Tout cela me fait dire que le problème n’est ni l’Onem, ni le CPAS, mais bien l’éducation, l’enseignement qui mériterait bien un état des lieux complet et pas seulement une comparaison européenne, les fameux test PISA qui relèguent le plus souvent les petits Belges francophones au fond de la classe. La panacée, l’éducation? On pose souvent la question avec une pointe d’ironie, voire de mépris, mais je crois qu’elle est bel et bien la réponse aux problèmes actuels.

Le flamand, une langue… « à part »

Mon épouse Marie-Christine m’a raconté une anecdote qui est révélatrice de l’état d’esprit de certains Belges francophones. Elle a rencontré par hasard le papa d’un ancien copain de notre fils Maxime, avec qui elle a devisé de l’avenir scolaire des enfants. Il n’était pas très heureux parce que la maman de son petit garçon, dont il vit séparé, l’a placé dans une classe d’immersion linguistique en néerlandais. Pourquoi? s’est étonnée mon épouse, dont les racines sont flamandes puisque née à Leuven, de parents néerlandophones. « Parce que le flamand est une langue »…. Il hésita, chercha ses mots, se souvenant sans doute subitement des origines de Marie-Christine et lâcha comme s’il se rattrapait: « le flamand est une langue… à part ». Ce n’était pas bien méchant, car j’ai déjà entendu plus acerbe: « le flamand n’est pas une belle langue ». Plus idiot : « le néerlandais ne sert à rien ». Ou pire encore : « le flamand n’est pas une langue ». Ce sont hélas des réflexions que j’ai entendues relativement couramment.
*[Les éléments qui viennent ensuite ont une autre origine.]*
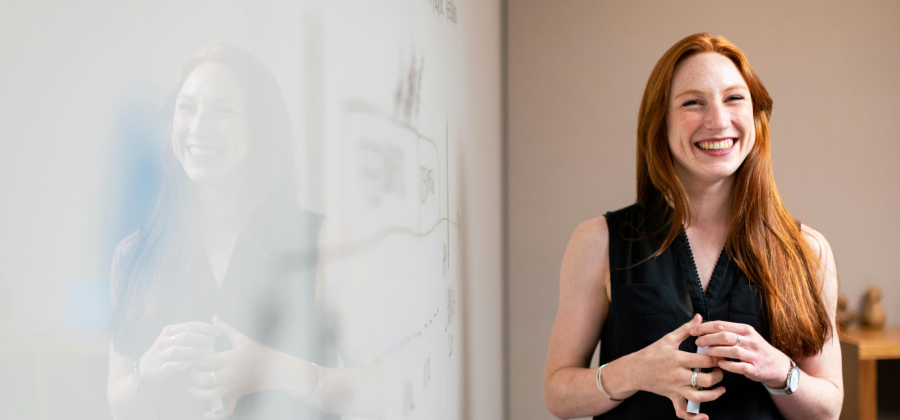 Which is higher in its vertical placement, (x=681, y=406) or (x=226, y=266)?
(x=226, y=266)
Et la plupart émanaient de personnes que je dirais être « des Belgicains », le genre à pavoiser leur façade le 21 juillet, à planter un drapeau dans leur jardin le lendemain d’une victoire des Diables Rouges ou à se précipiter quand le Roi Albert II pointe sa couronne dans leur région.

Bart De Wever n’en demande pas tant.